**** DATASET RECORDS ****
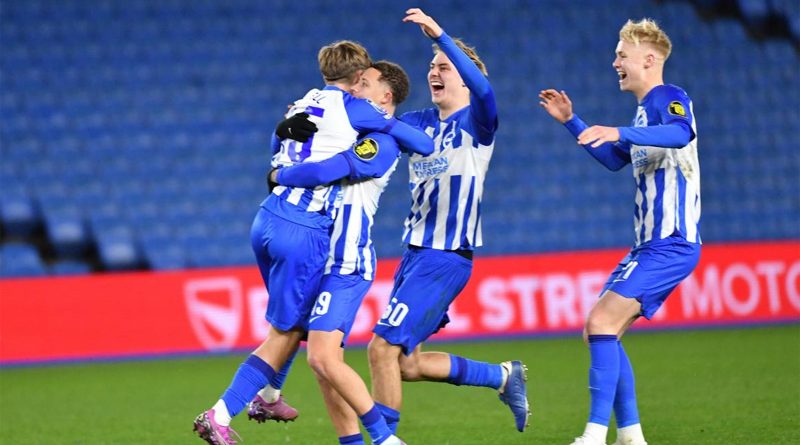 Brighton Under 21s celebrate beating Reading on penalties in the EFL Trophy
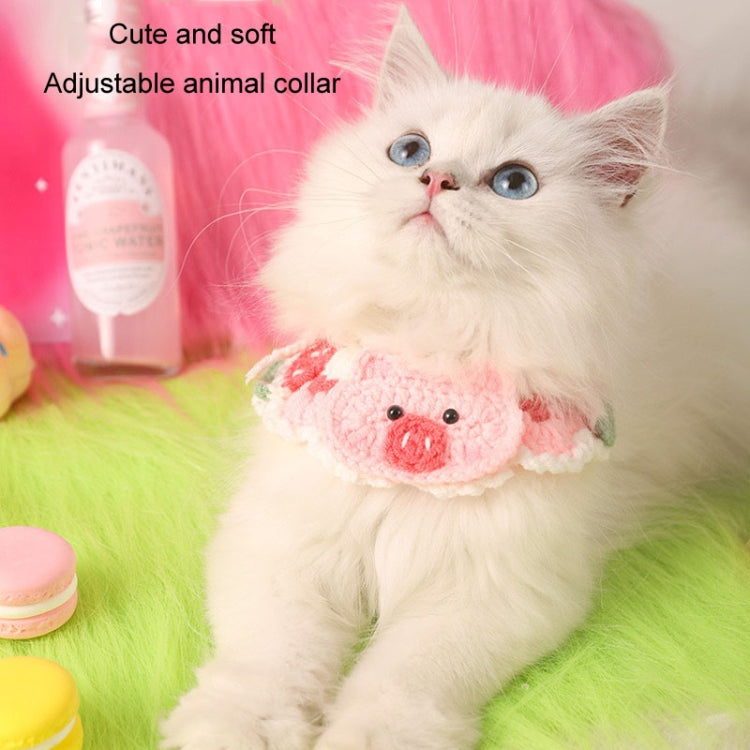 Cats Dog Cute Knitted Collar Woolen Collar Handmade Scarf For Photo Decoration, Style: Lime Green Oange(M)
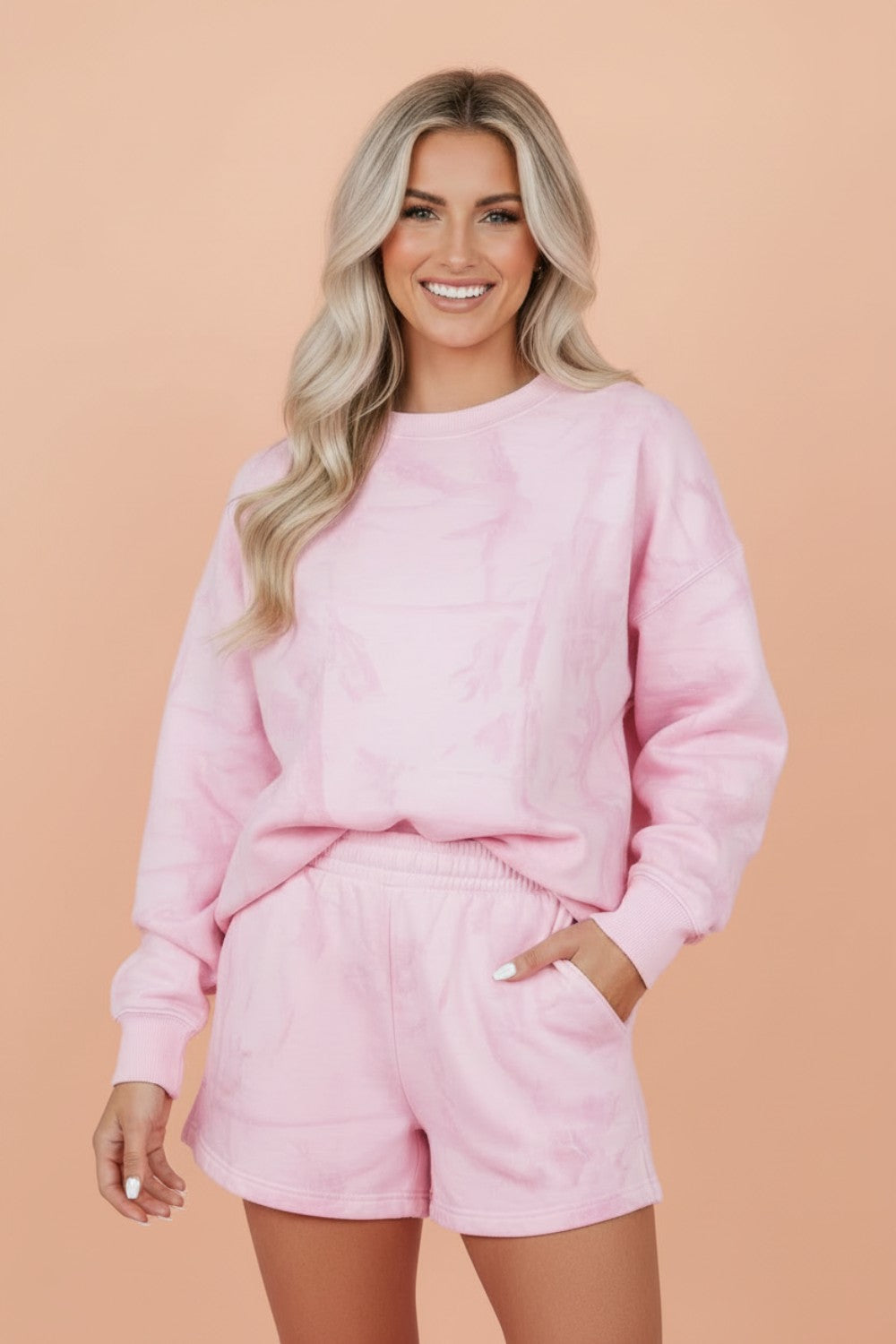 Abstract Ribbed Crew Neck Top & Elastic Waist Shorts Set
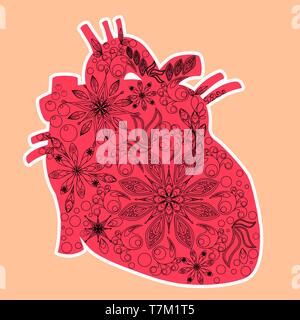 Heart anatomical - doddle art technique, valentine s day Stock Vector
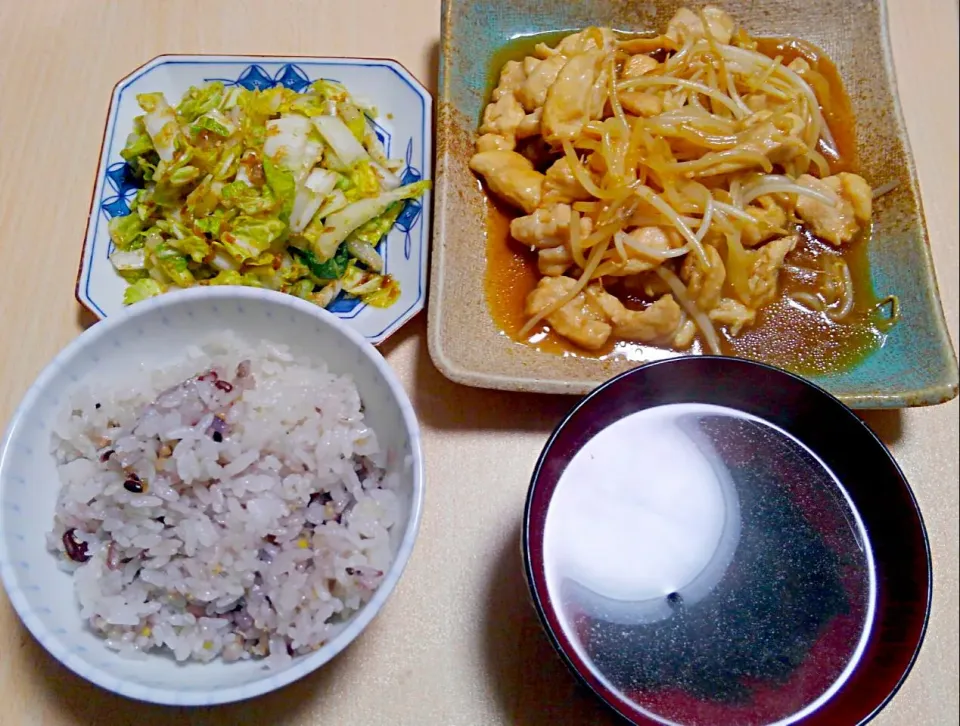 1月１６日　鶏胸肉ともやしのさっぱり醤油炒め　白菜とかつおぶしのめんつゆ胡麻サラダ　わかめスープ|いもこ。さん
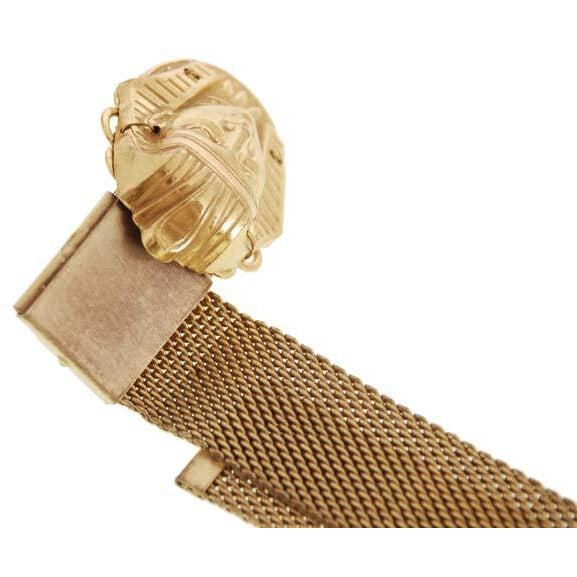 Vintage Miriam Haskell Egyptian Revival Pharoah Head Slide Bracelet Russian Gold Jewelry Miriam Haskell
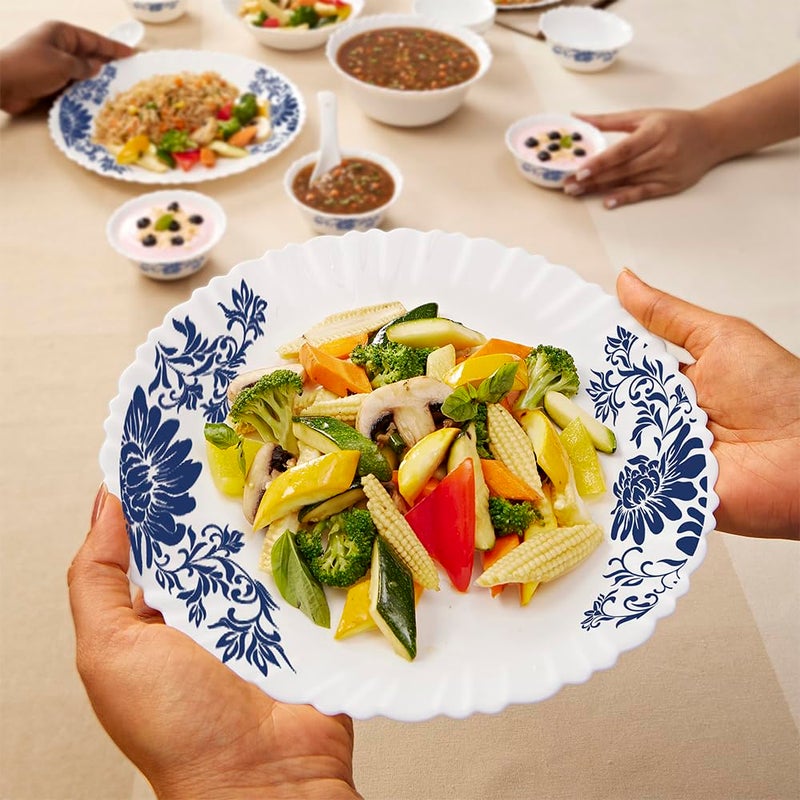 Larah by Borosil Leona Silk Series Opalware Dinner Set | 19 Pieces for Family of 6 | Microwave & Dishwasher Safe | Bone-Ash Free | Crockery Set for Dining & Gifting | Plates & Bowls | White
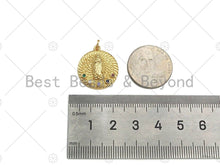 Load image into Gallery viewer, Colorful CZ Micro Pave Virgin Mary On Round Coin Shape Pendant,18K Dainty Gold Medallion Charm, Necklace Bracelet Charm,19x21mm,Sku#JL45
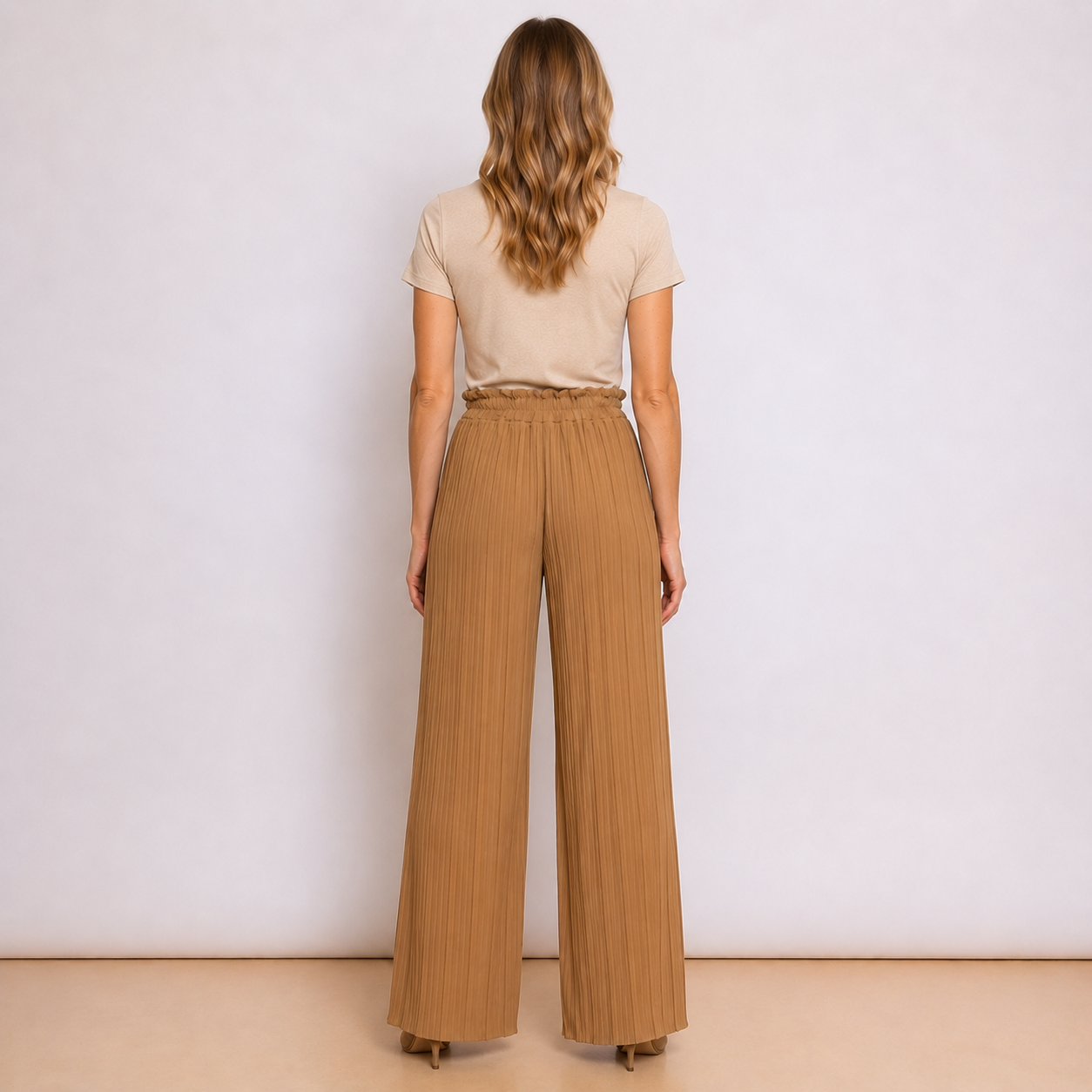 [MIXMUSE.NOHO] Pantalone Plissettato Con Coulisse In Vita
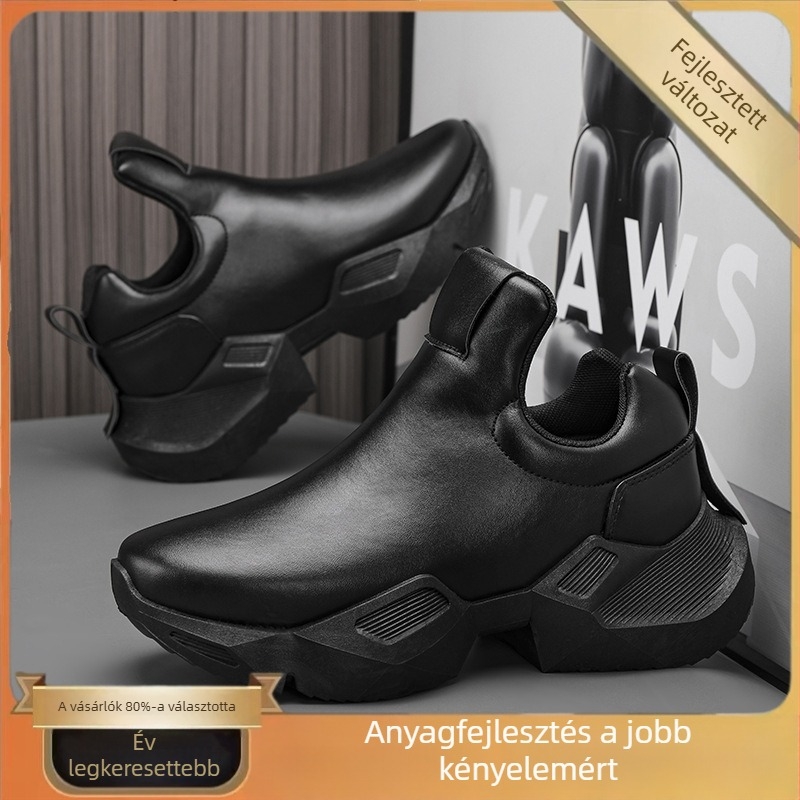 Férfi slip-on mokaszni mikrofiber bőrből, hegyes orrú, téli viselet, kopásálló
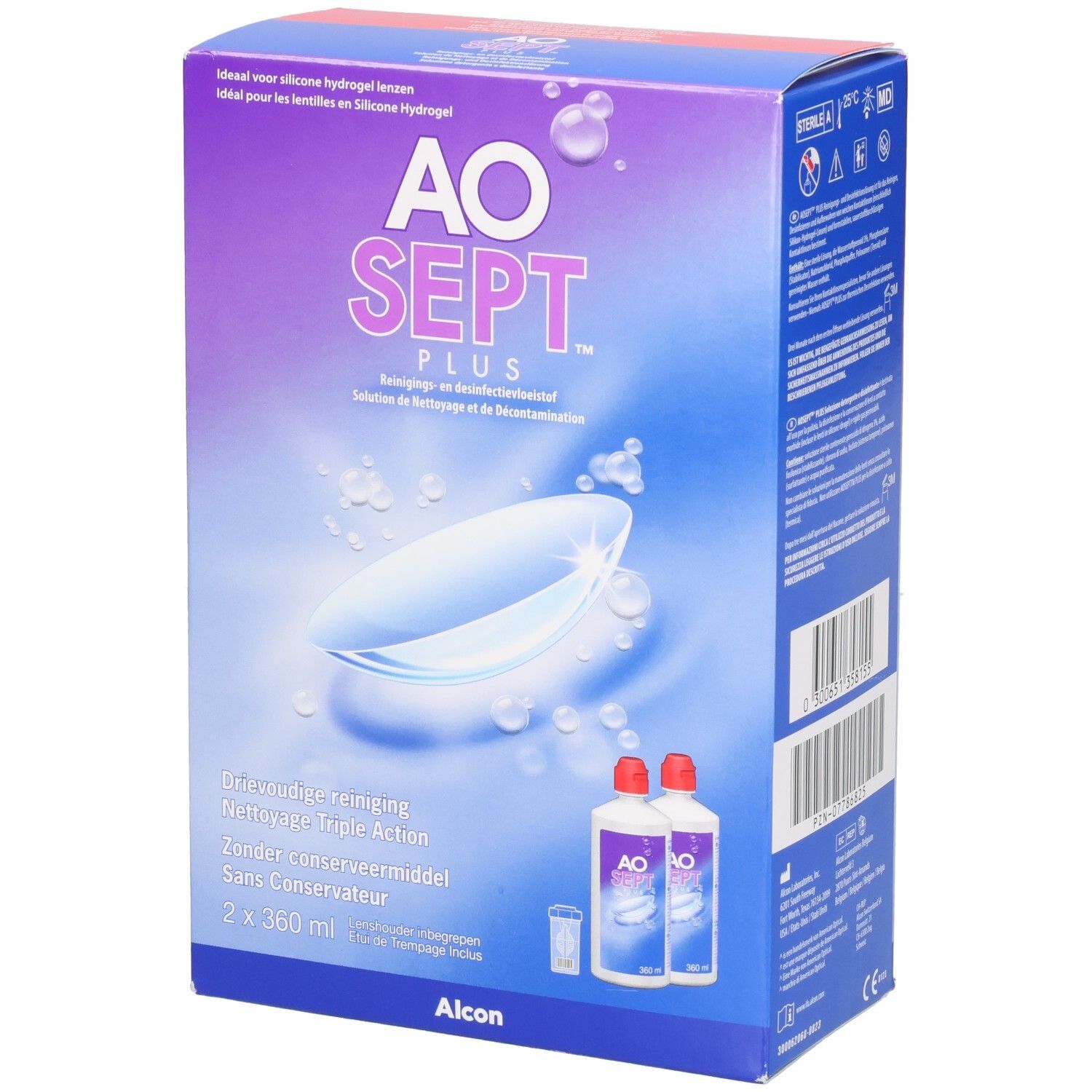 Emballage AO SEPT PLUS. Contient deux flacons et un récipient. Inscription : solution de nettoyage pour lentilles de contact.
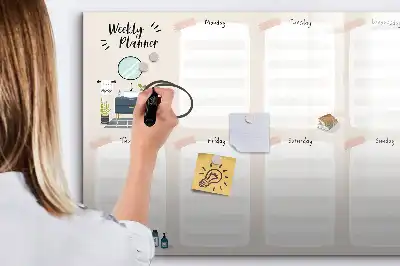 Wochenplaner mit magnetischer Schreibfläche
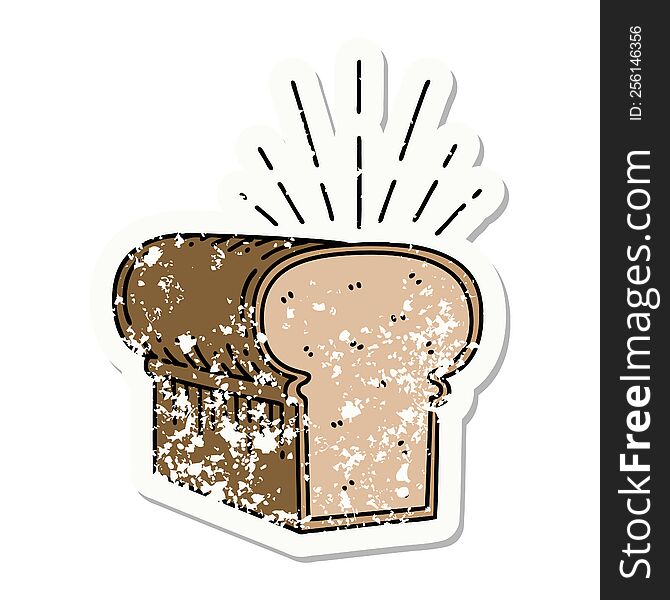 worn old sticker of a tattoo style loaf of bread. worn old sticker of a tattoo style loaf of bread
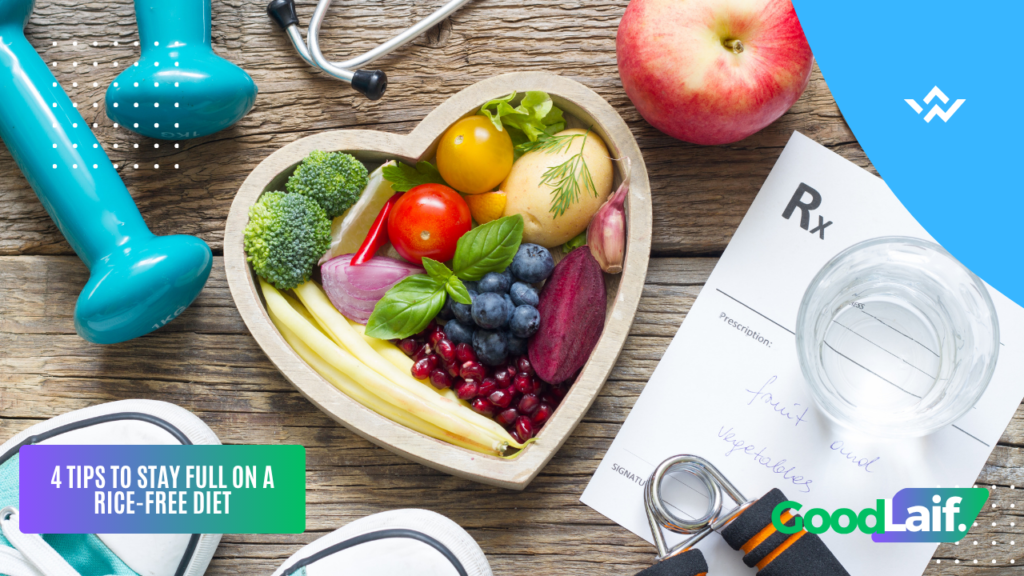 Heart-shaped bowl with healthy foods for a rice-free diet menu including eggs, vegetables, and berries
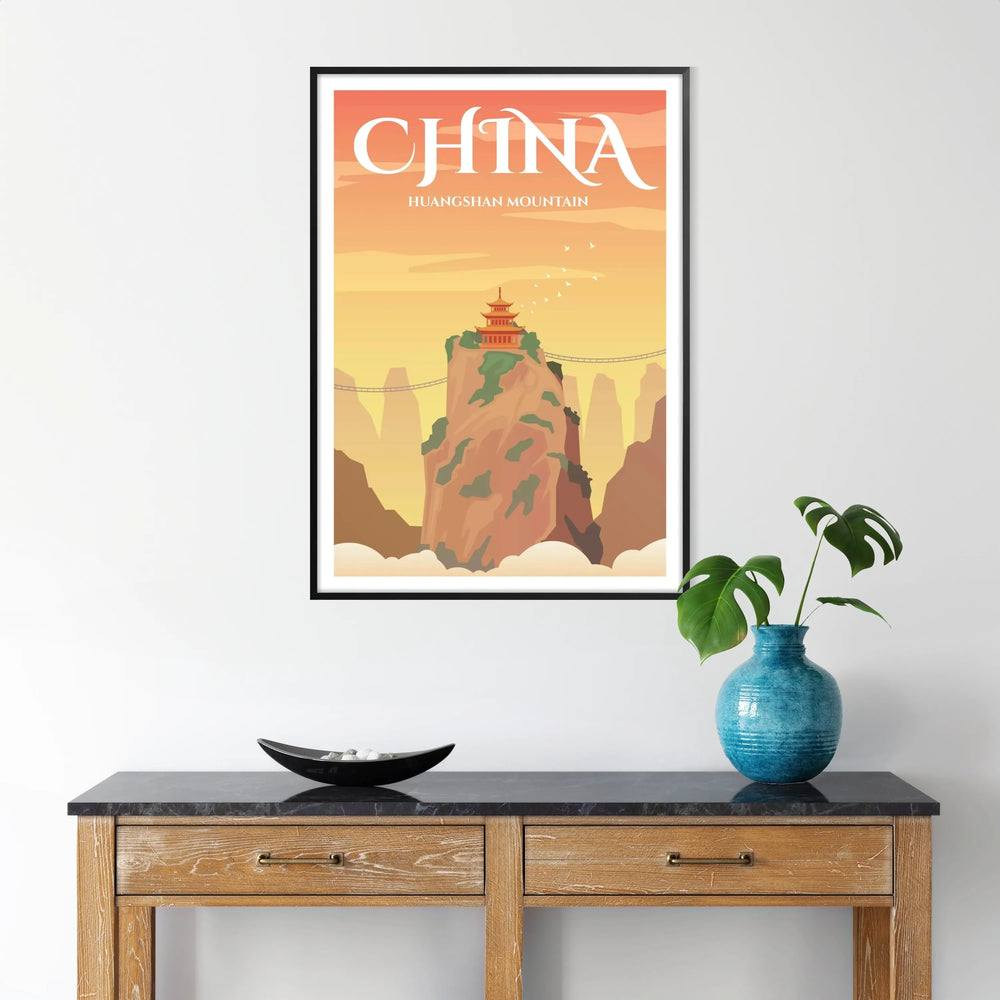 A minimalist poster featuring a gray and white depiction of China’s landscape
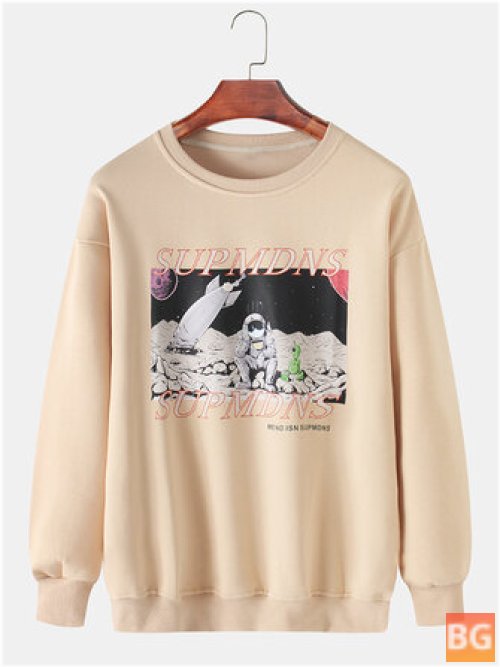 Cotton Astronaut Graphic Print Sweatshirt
****
Please output the material above again, exactly, and omit every image.

 Brighton Under 21s celebrate beating Reading on penalties in the EFL Trophy
 Cats Dog Cute Knitted Collar Woolen Collar Handmade Scarf For Photo Decoration, Style: Lime Green Oange(M)
 Abstract Ribbed Crew Neck Top & Elastic Waist Shorts Set
 Heart anatomical - doddle art technique, valentine s day Stock Vector
 1月１６日　鶏胸肉ともやしのさっぱり醤油炒め　白菜とかつおぶしのめんつゆ胡麻サラダ　わかめスープ|いもこ。さん
 Vintage Miriam Haskell Egyptian Revival Pharoah Head Slide Bracelet Russian Gold Jewelry Miriam Haskell
 Larah by Borosil Leona Silk Series Opalware Dinner Set | 19 Pieces for Family of 6 | Microwave & Dishwasher Safe | Bone-Ash Free | Crockery Set for Dining & Gifting | Plates & Bowls | White
 Load image into Gallery viewer, Colorful CZ Micro Pave Virgin Mary On Round Coin Shape Pendant,18K Dainty Gold Medallion Charm, Necklace Bracelet Charm,19x21mm,Sku#JL45
 [MIXMUSE.NOHO] Pantalone Plissettato Con Coulisse In Vita
 Férfi slip-on mokaszni mikrofiber bőrből, hegyes orrú, téli viselet, kopásálló
 Emballage AO SEPT PLUS. Contient deux flacons et un récipient. Inscription : solution de nettoyage pour lentilles de contact.
 Wochenplaner mit magnetischer Schreibfläche
 worn old sticker of a tattoo style loaf of bread. worn old sticker of a tattoo style loaf of bread
 Heart-shaped bowl with healthy foods for a rice-free diet menu including eggs, vegetables, and berries
 A minimalist poster featuring a gray and white depiction of China’s landscape
 Cotton Astronaut Graphic Print Sweatshirt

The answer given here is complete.